I think this is what I meant -- if they're in the clone of clang used in
the Swift project, if (or when?) it makes it back upstream we can think
about maybe also using it. I think it's very similar to what the sanitisers
and XRay need for imbuing attributes with the special case list, without
having to use YAML or something more structured than the simple text files.

> Here is the description of API Notes from Doug's email:
> API notes solve a not-uncommon problem: we invent some new Clang
attribute that would be beneficial to add to some declarations in system
headers (e.g., adding a ‘noreturn’ attribute to the C ‘exit’ function), but
we can’t go around and fix all of the system headers everywhere. With API
notes, we can write a separate YAML file that states that we want to add
‘noreturn’ to the ‘exit’ function: when we feed that YAML file into Clang
as part of normal compilation (via a command-line option), Clang will add
‘noreturn’ to the ‘exit’ function when it parses the declaration of ‘exit’.
Personally, I don’t like API notes—even with our optimizations, it’s
inefficient in compile time and it takes the “truth” out of the headers—but
I can see the wider use cases. If the Clang community wants this feature, I
can prepare a proper proposal; if not, we’ll keep this code in the Swift
clone of Clang and delete it if Swift ever stops needing it.
> I think API notes can be used by other clients in clang, such a the
static analyzer. It seems that it would be directly applicable to the
scenario you describe as well. If so, I would propose to merge API Notes
into mainline clang.
>
> Even though Doug mentioned (in Dec 2015) that the Swift clone might
delete this functionality in the future if API Notes are not needed any
more, in practice, we see that the Swift project use cases for API Notes
are expanding not shrinking.

That's encouraging!

I could also imagine a means of doing a pass at the LLVM level that might
be used to imbue attributes based on information gained in other passes (or
even externally). One thing that some users of XRay have asked is whether
it's possible to statically do a walk of the call graph and selectively do
instrumentation -- i.e. remove instrumentation from other parts of the
binary and only focus on the code paths that we can prove statically will
be calling a specific set of functions. This could work just on the LLVM
level, but would also work on the front-end in cases where the choice
between "always" and "never" instrument are being made at that level.
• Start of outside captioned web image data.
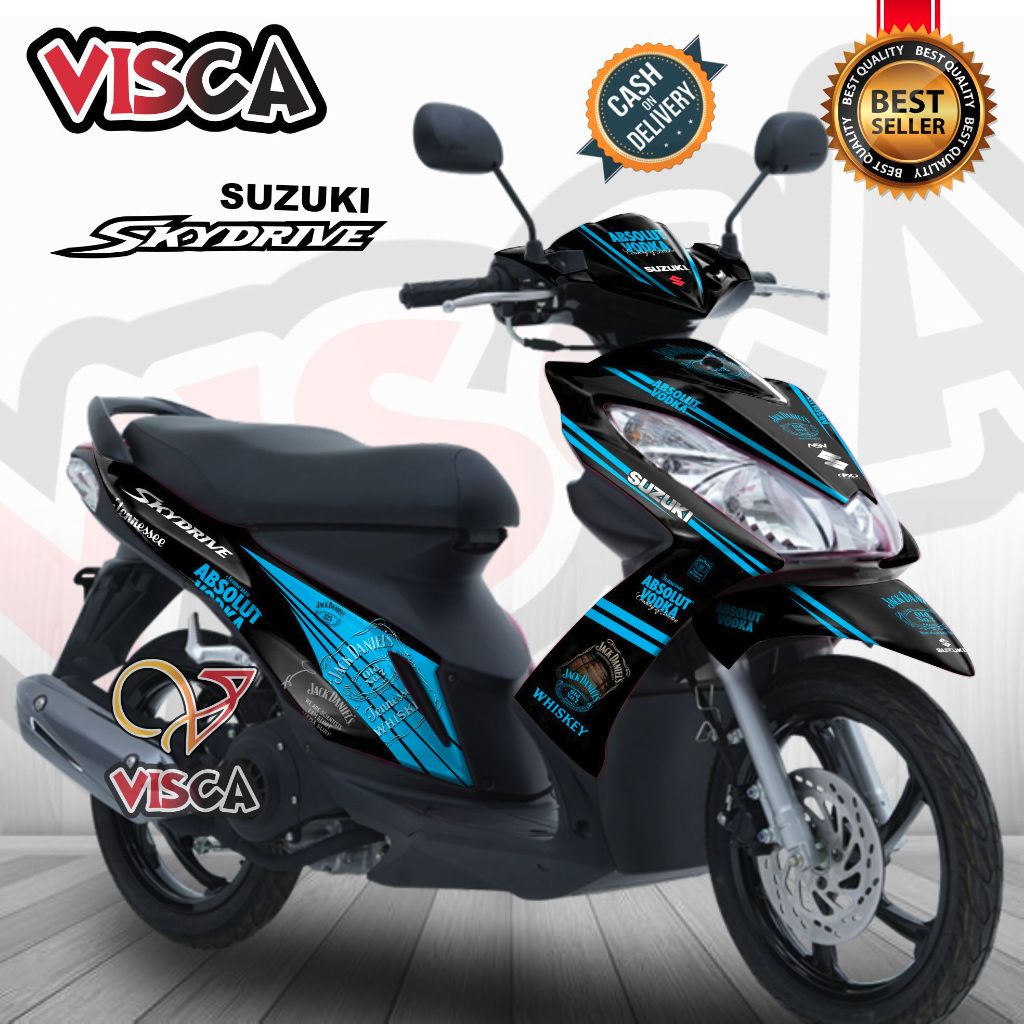 Decal Skydrive 125 Full Body Stiker Skydrive 125 Full Body Striping Skydrive 125 JACK.D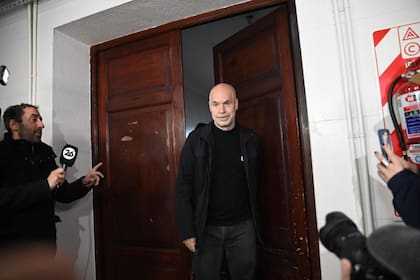 Horacio Rodríguez Larreta, hoy, al votar en la Facultad de Derecho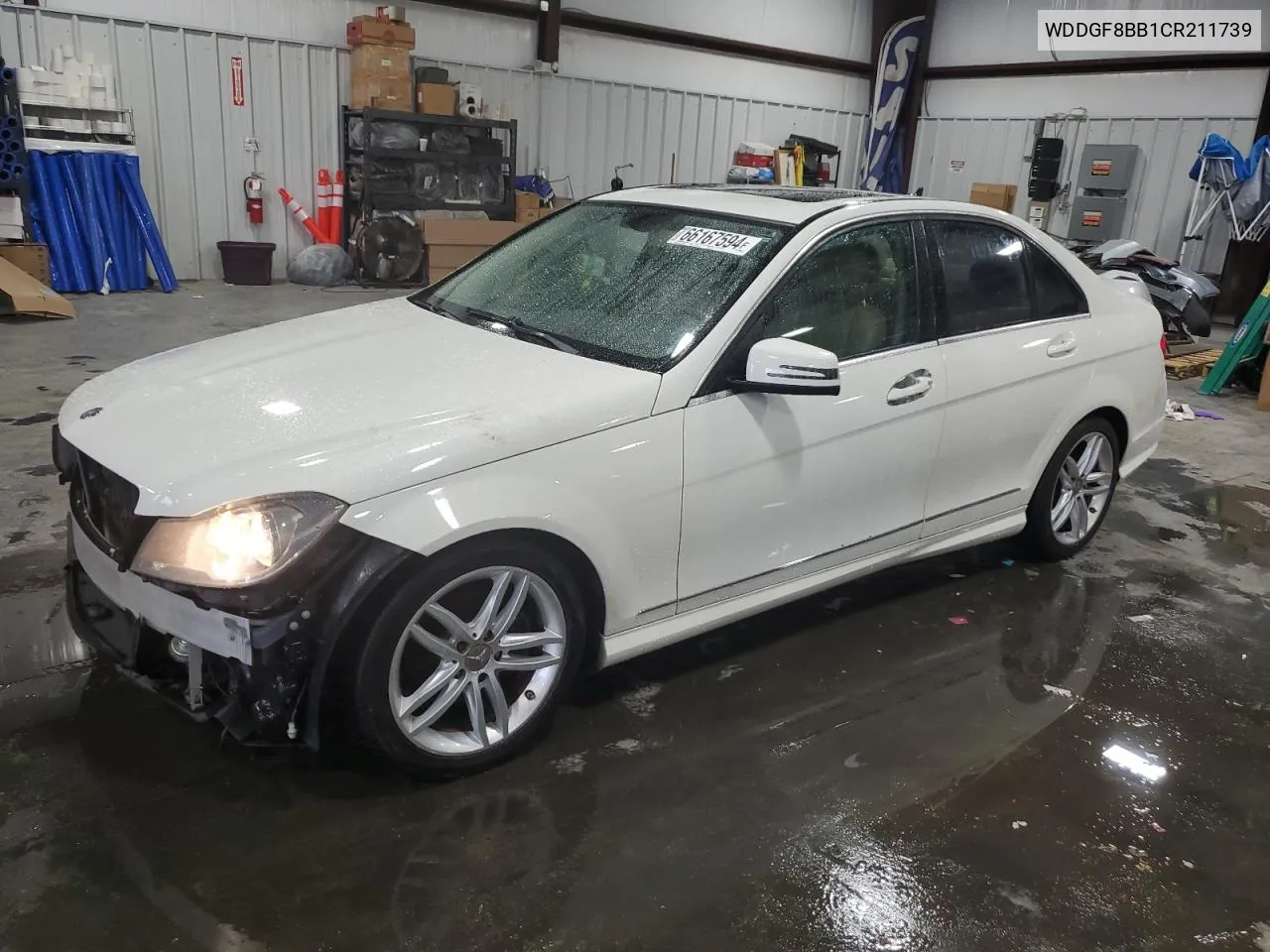 2012 Mercedes-Benz C 300 4Matic VIN: WDDGF8BB1CR211739 Lot: 66167594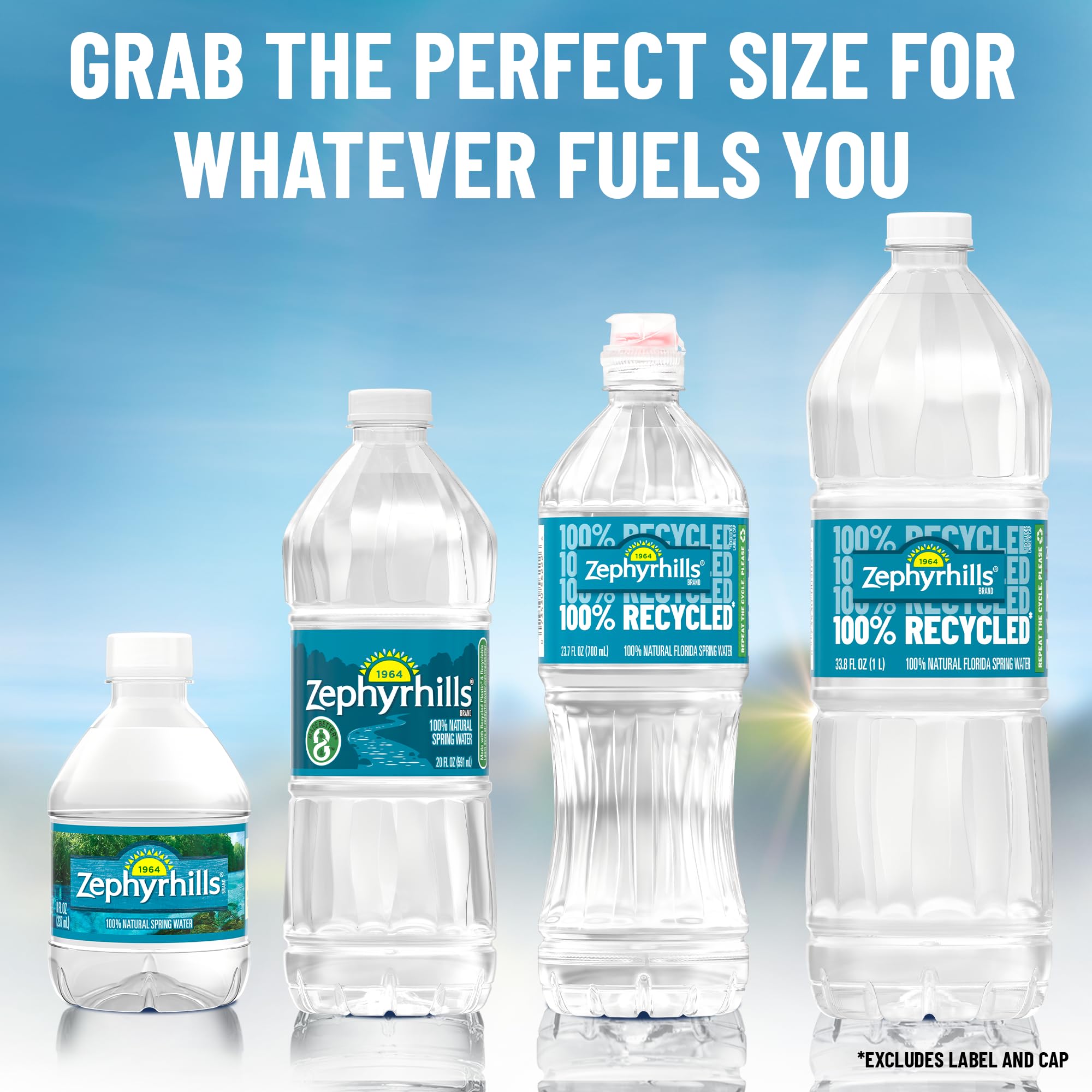 Zephyrhills Spring Water, 8 oz Mini Bottles, 48 Pack (3 Cases)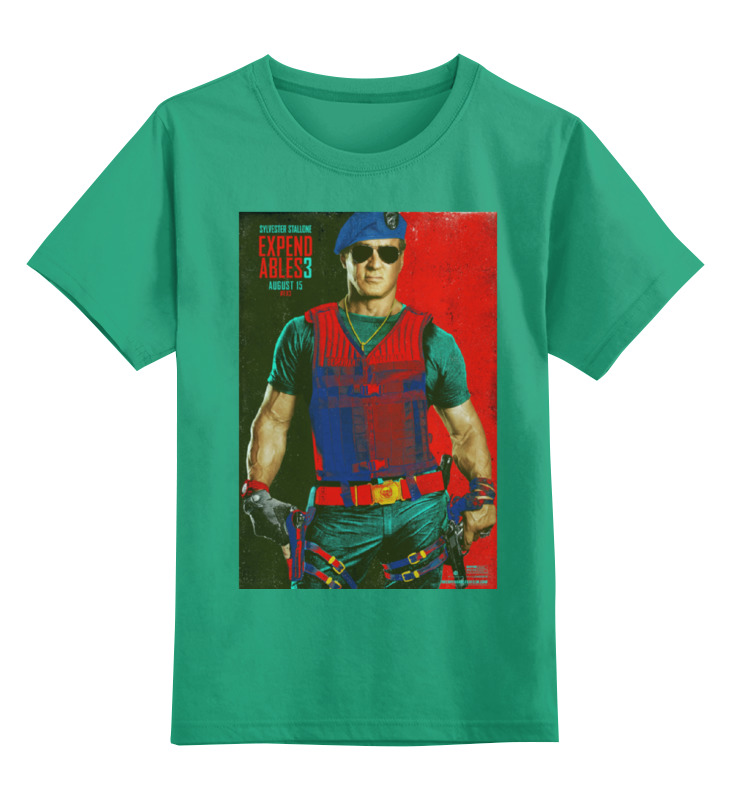 

Детская футболка классическая Printio Expendables iii stallone colors, р. 152, Зеленый, 0000000707519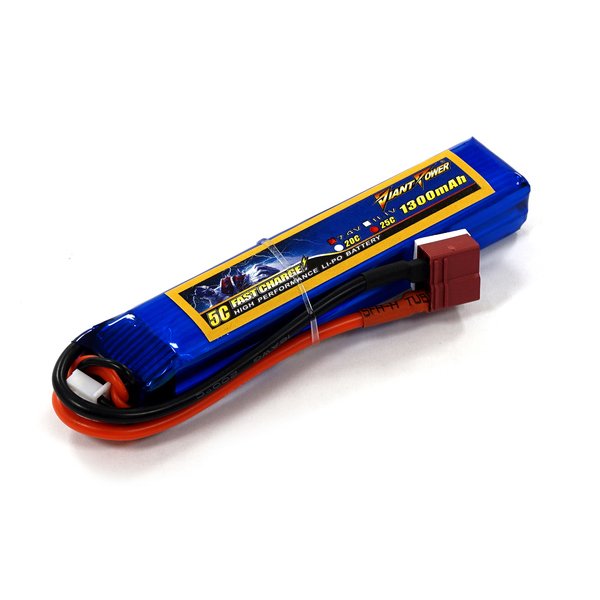 Аккумулятор для страйкбола Giant Power Li-Pol 7.4V 2S 1300mAh 25C 16х20х103мм T-Plug
Аккумулятор для страйкбола Giant Power Li-Pol 7.4V 2S 1300mAh 25C 16х20х103мм T-Plug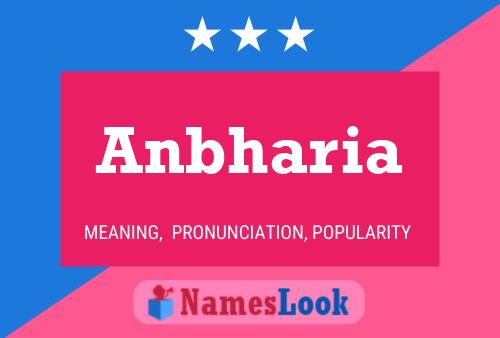 Anbharia Name Poster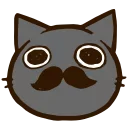 Black Cat HD emoji 🥸
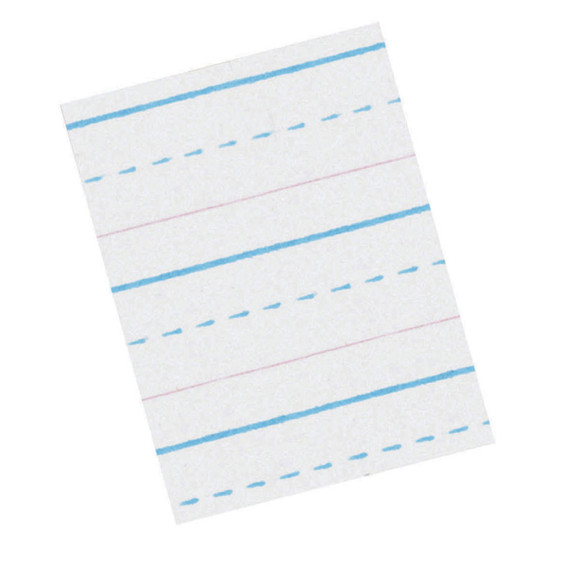Pacon PACZP2412 Zaner Bloser 1/2In Ruled Sulphite ...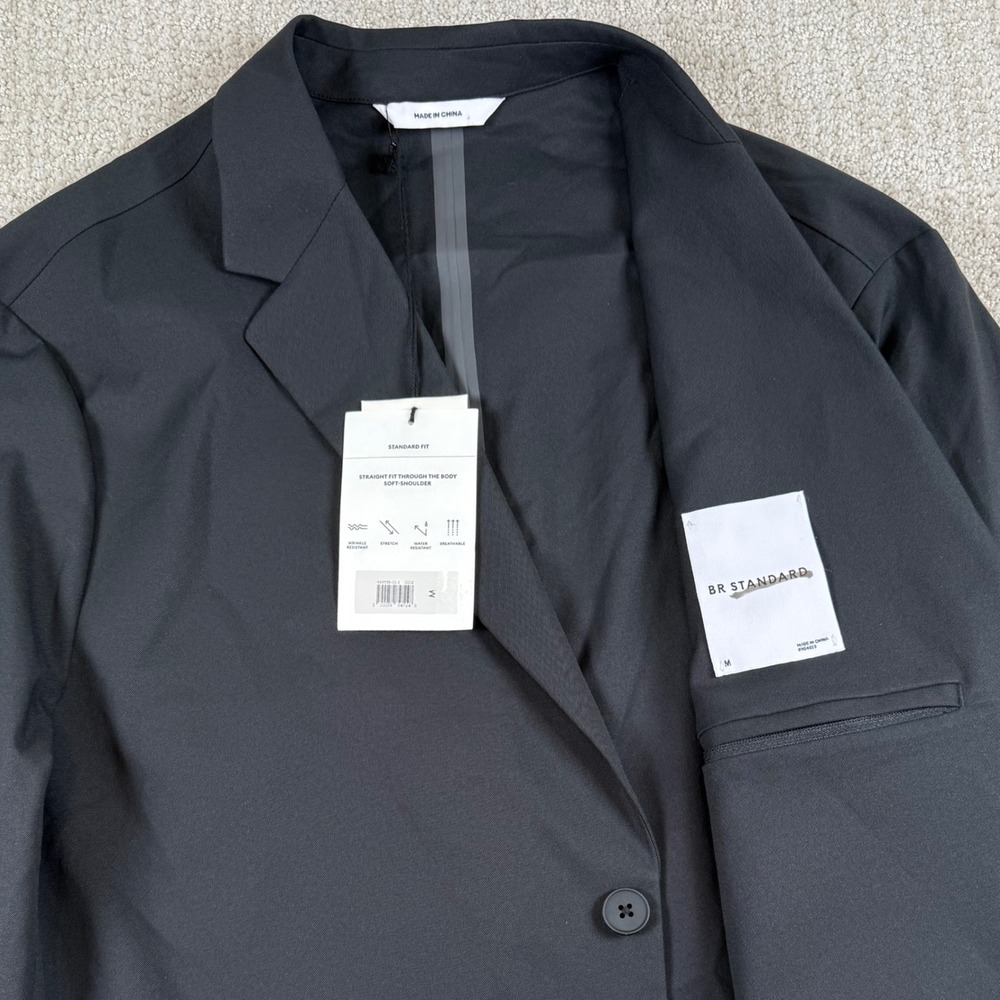 NEW Banana Republic Mens Medium Black BR Standard Performance Stretch Blazer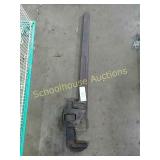 Large pipe wrench approx 24"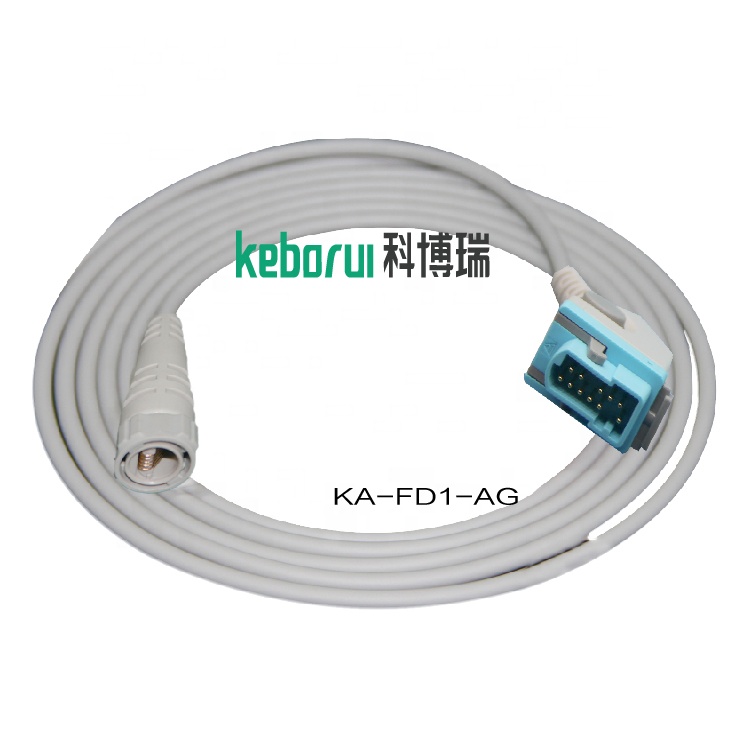 Fukuda Denshi Blood Pressure Monitor IBP Adapter Cable Compatible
This sounds very useful! For example, it could allow sanitizers or fuzzing
to focus on newly updated code or code viewed as important for other
reasons.

Anyway, API Notes sounds like an interesting approach for the generic
case. I'm sure other projects would find interesting uses of this when it
makes it in clang proper. :slight_smile:

If/When you think API Notes will be useful for your cause, let us know. We
can upstream them at any time. One of the main reasons they are not
upstreamed already is that there are no users who are ready to immediately
utilize them. (The static analyzer could definitely benefit from them, but
no-one is actively working on using external annotations in the analyzer
right now.)

Cheers